Negotiation, he said, was in fact on with the Naga leaders for the past 21 years. A “framework agreement” and a “preamble” was signed on August 3 2015, with the NSCN (IM) and on November 17, 2017, with the NNPG. He added that the peace agreement reminded the relevance of Narayan more than ever before.
Special invitee, Kaito Aye thanked the JPNMT for organising the programme. He urged its members to continue working to bring peaceful resolution to the lndo-
Naga political issue. He recalled the initial political dialogue with the leaders of Independent India to resolve the Indo-Naga political conflict but which continues to remain elusive. The legislator remarked that one of the most significant chapters in the history of Naga political movement was Narayan’s participation and contribution to resolving the Indo-Naga political conflict.

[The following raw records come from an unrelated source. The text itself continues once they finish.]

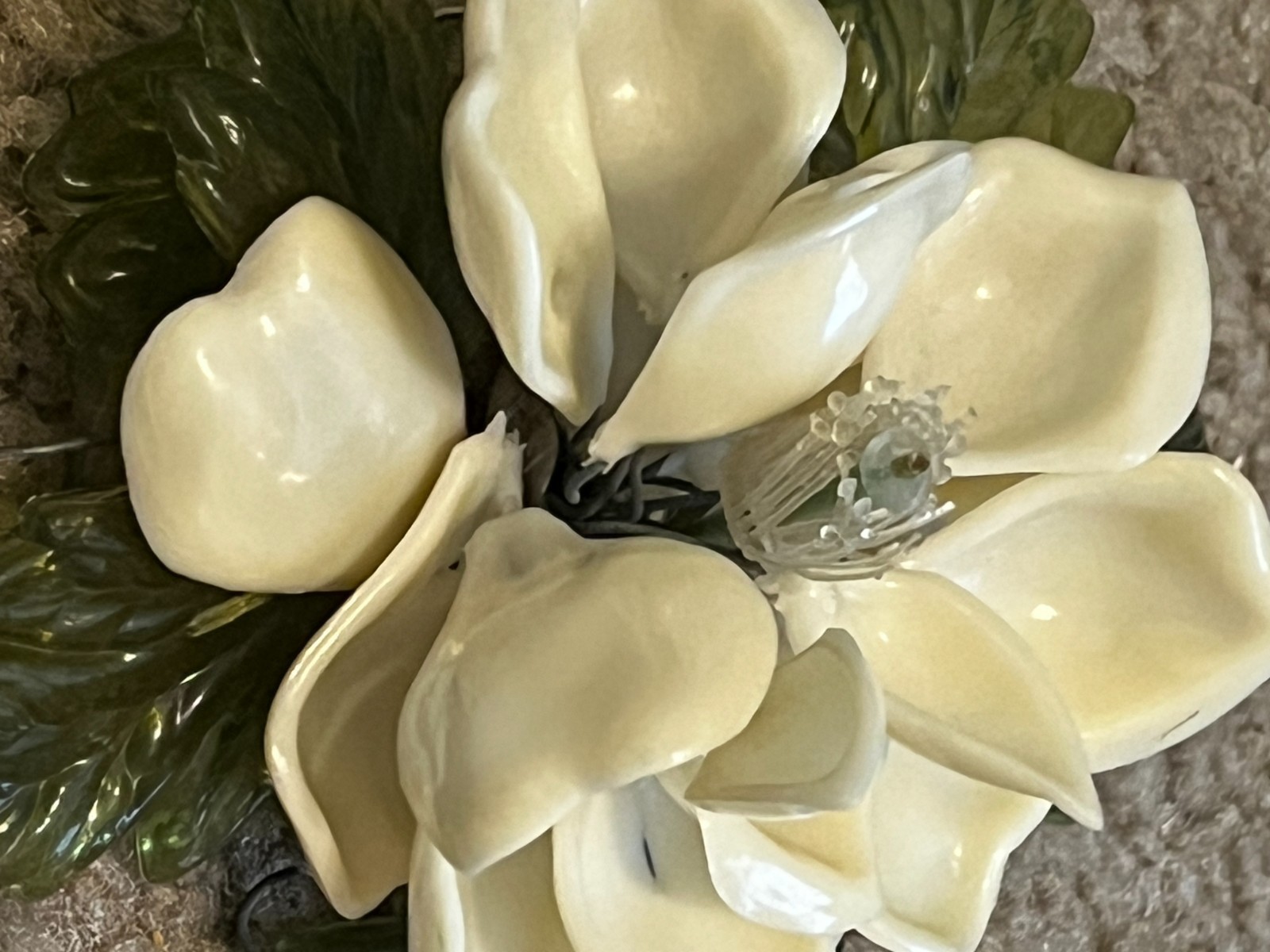 🌼VNTG 1960s LUCITE MAGNOLIA STEM • WHITE PETALS & GREEN LEAVES • WIRE‑WRAPPED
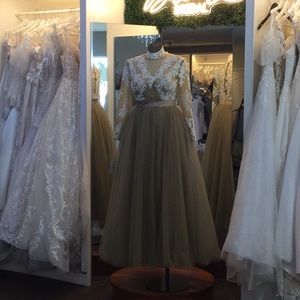 Mother of the bride, lace bodies appliqué dress, size 10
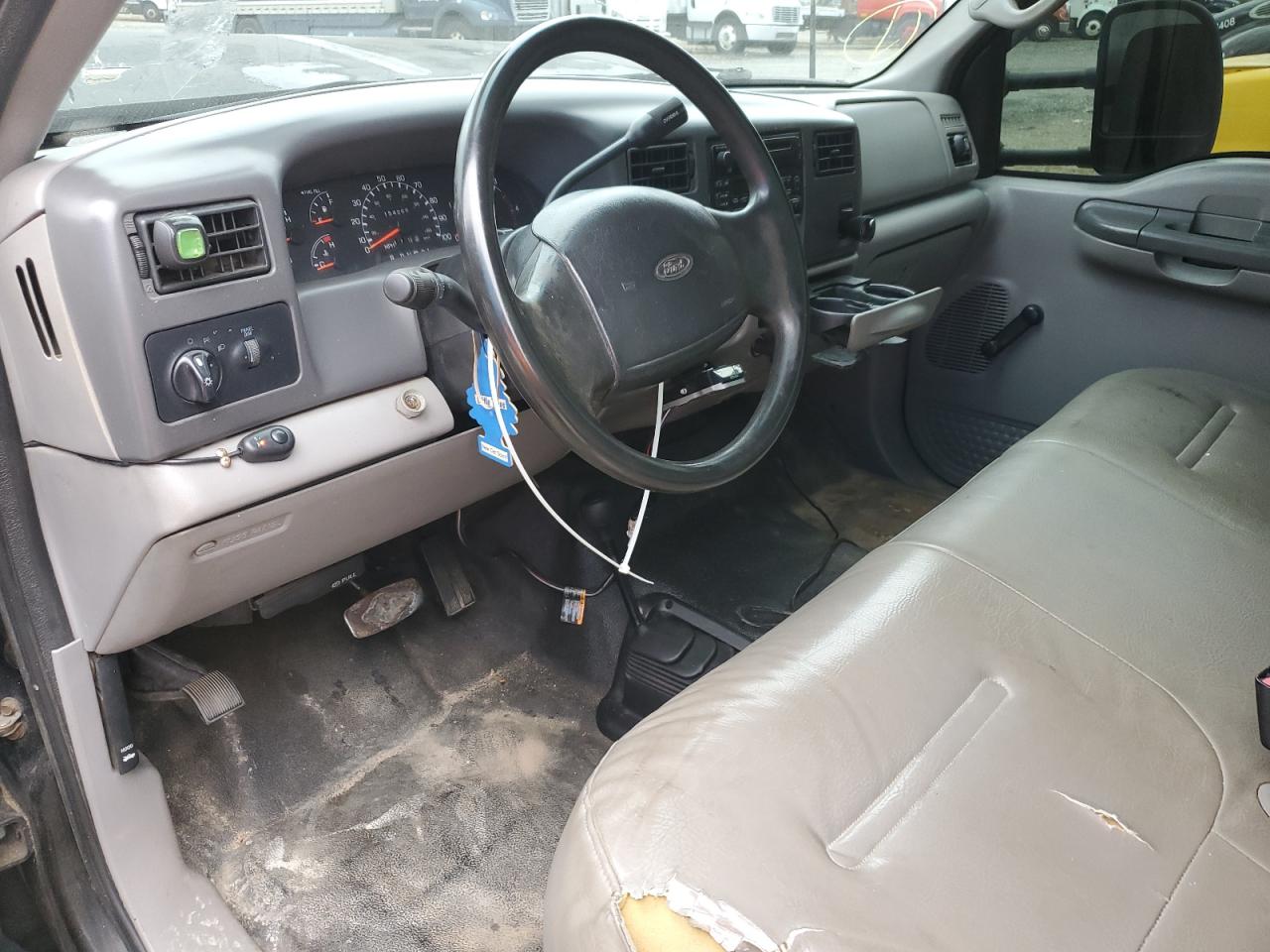 2000 Ford F350 Super Duty VIN: 1FDWF37F6YEA83917 Lot: 82781715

Aye said: “The first ever Indo-Naga ceasefire which came into being in 1964 was mainly due to the sacrifice made by Narayan and subsequent establishment of Nagaland Peace Centre by him. Under this very banner, church leaders of Nagaland Baptist Church Council met the underground leaders and the representatives of the government of India and they could successfully bring them (the Federal Government Of Nagaland and the GOI) to the negotiating table for starting the Indo-Naga political dialogues towards finding a solution to the issue.”
The legislator appealed to the deputy chairman of the Rajya Sabha to convey the message to the central government to expedite the peace process.